Obsessive Memories continue

I wonder if these women are prostitutes. their clothing and posture definitely seems flashy attractive and erotic.

are they for sale? I think they are. as people and as object, like the porcelain dolls are objects.

objectification of the female body and identity. cheap box containers suggest they can be owned and placed/stacked around and be mobile. yet at the same time the porcelain suggest their vulnerability and fragile nature. the empty interior (the "body" is empty, the clothes flow on top like a mold. as if saying these are figures with no contents. thus suggests a lack of individual person hood and a sense of empty content.

Liu Jianhua- Obsessive Memories


Obsessive Memories
2003
Installation: porcelain
25 figures, approx. 12 x 3 x 2 in. each; dimensions variable
Source: http://www.bampfa.berkeley.edu/mahjongartists/index.html

20 female bodies, fragmented, placed on a square raised white platform.

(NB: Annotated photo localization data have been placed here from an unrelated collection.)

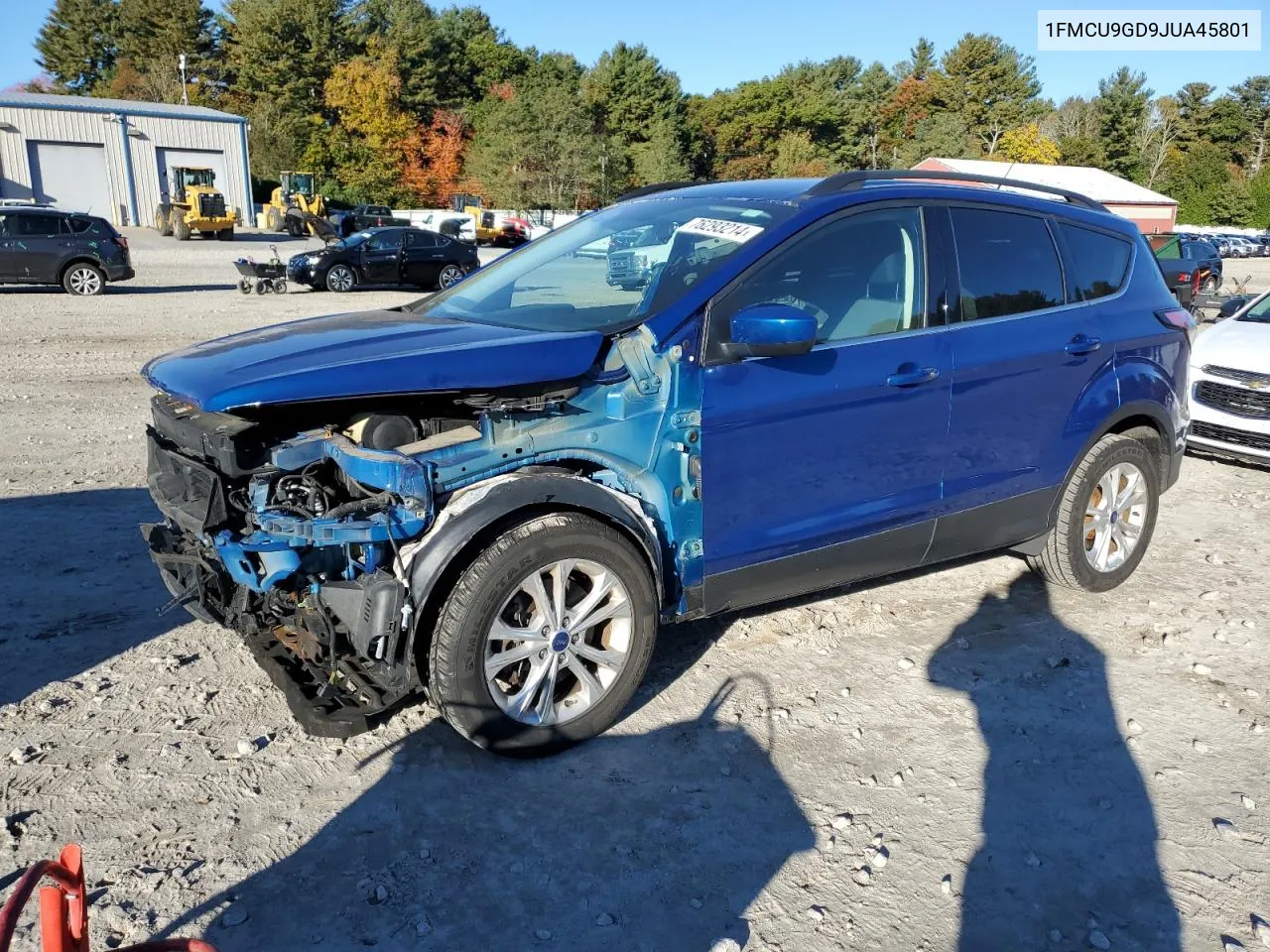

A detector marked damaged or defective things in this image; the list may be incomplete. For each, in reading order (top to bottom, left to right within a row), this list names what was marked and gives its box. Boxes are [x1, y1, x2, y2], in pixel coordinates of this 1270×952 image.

crushed front end [145, 395, 437, 738]
crumpled hood [141, 307, 607, 407]
damaged blue suv [144, 170, 1199, 750]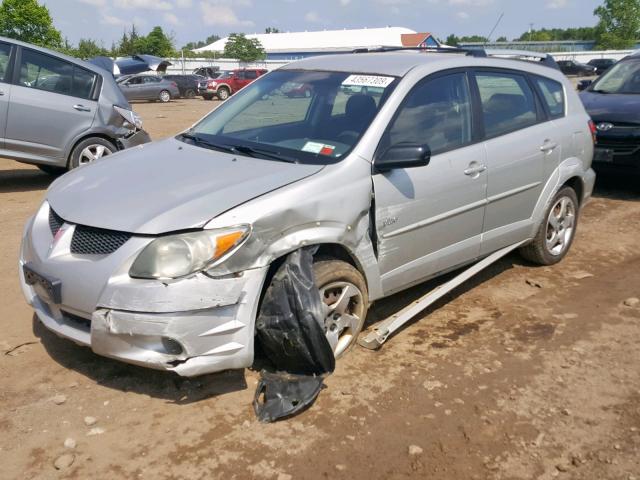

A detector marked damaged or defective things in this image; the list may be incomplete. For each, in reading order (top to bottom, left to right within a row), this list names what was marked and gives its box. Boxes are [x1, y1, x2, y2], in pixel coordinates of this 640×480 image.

damaged front bumper [18, 204, 268, 376]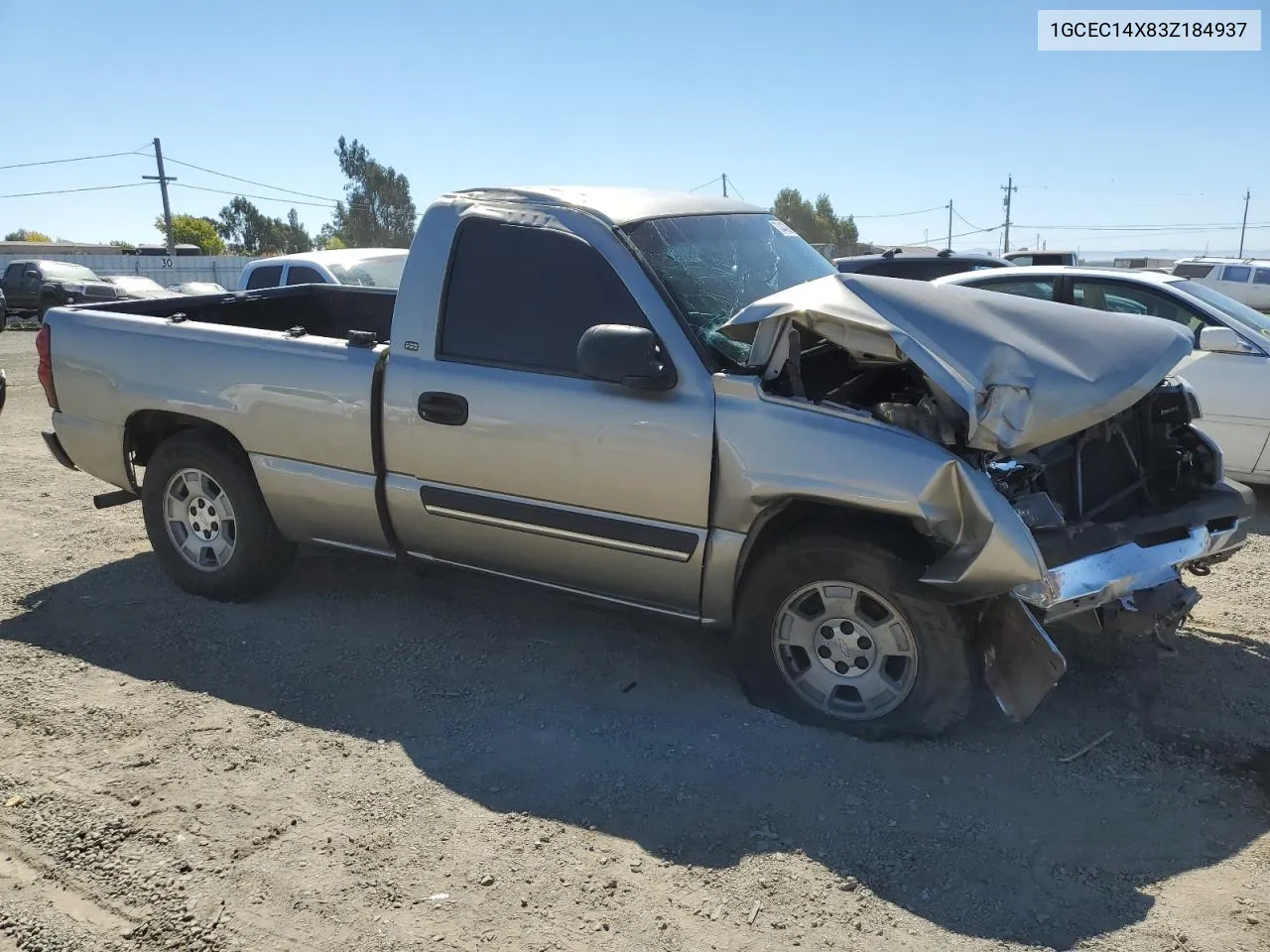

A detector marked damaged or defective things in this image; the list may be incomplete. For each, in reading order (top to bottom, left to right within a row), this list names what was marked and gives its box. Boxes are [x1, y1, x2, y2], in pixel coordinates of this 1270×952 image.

detached bumper piece [41, 428, 76, 474]
damaged pickup truck [37, 186, 1249, 736]
shattered windshield [622, 213, 837, 365]
crumpled hood [721, 274, 1194, 456]
torn metal panel [721, 274, 1194, 456]
damaged front bumper [980, 492, 1249, 721]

Boxes containers of these fragmented female bodies lay on the floor besides the White platform.

10 boxes on each side, they vary in sizes, custom to the bodies they contain, but now are empty. they have the same color and pattern. typical Chinese silk covered boxes with ivory clasp closure. but these ivory closures are probably cheap plastic replacements.

the silk cover are a olive brownish green with octagon patterns. they are stacked together. there's like obviously padding inside...for protection. the texture of the boxes looks worn. the silk patters of some looks like they have been scratched.

the general feeling of these boxes: cheap and massly produced. museum lightsdoes give it a beautiful sheen. reflection of the silk but overall, they are stack together like "things" with no other exceptional values...

The bodies are curveous, attractive young bodies. the proportion of these bodies are visually the same. voluptuous breast and hips. long and well shaped legs. textures of procelain makes them look shiny and smooth. the color of the body is only shown on the leg. given the bodies are covered with cheongsam. and they are headless and armless.

10 of the bodies wears high heels in bright colors. regardless of the type of shoes these figures have red soles on their shoes, like the shoes of that brand...Chrstian ...something. of those weaing shoes, the toe nails are painted in bright colors

the cheongsam garment on these figures are beautiful, richly patterened and in soft feminie colors. some are metalic colors. colors that attrats attention. FLower pattersns, plant and leaf patterens, poka-dots, wavy lines... shimmery and plain ones.

the postures are very erotic, sexual poses. some posters are identicale, 3 of laying on the back with raise legs stack one on another. another three have similar poses. all the posible are erotic in the way that although covvered up, female private areas are shown at some angles.
overall these figurres are uniformed, not very differentiable in terms of personhood.